DATA =

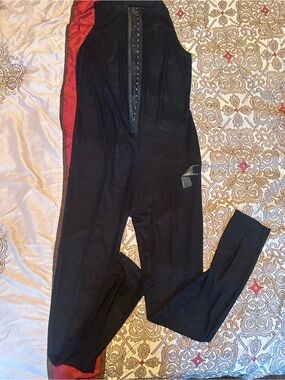 Women Black Sheer Jumpsuit Large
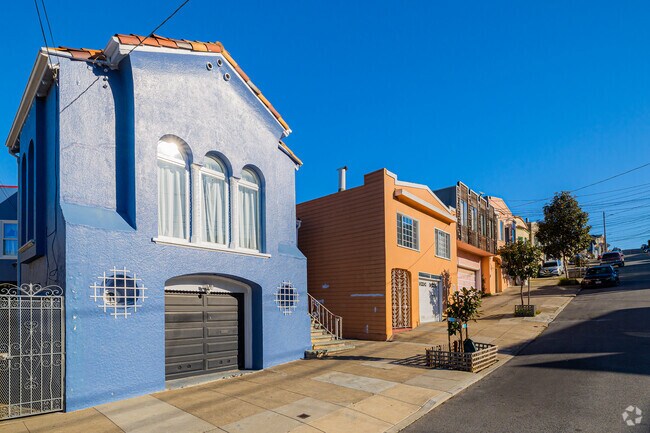 Colorful Mediterranean homes line the streets of Excelsior.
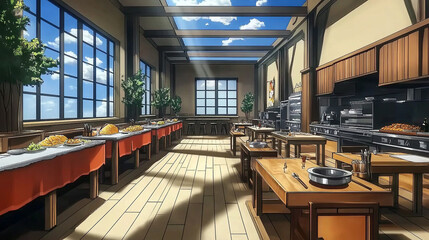 Bright and Spacious Culinary Classroom with Long Tables, Modern Equipment, and Abundant Natural Light Filling the Room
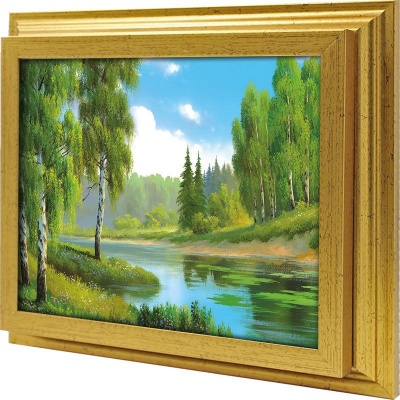  Ключница Летний пейзаж с рекой, Золото, 20x25 см фото в интернет-магазине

ABOUT THIS EXERCISE = Reprint the whole listing verbatim except for the pictures.

SOLVED PROBLEM =
 Women Black Sheer Jumpsuit Large
 Colorful Mediterranean homes line the streets of Excelsior.
 Bright and Spacious Culinary Classroom with Long Tables, Modern Equipment, and Abundant Natural Light Filling the Room
  Ключница Летний пейзаж с рекой, Золото, 20x25 см фото в интернет-магазине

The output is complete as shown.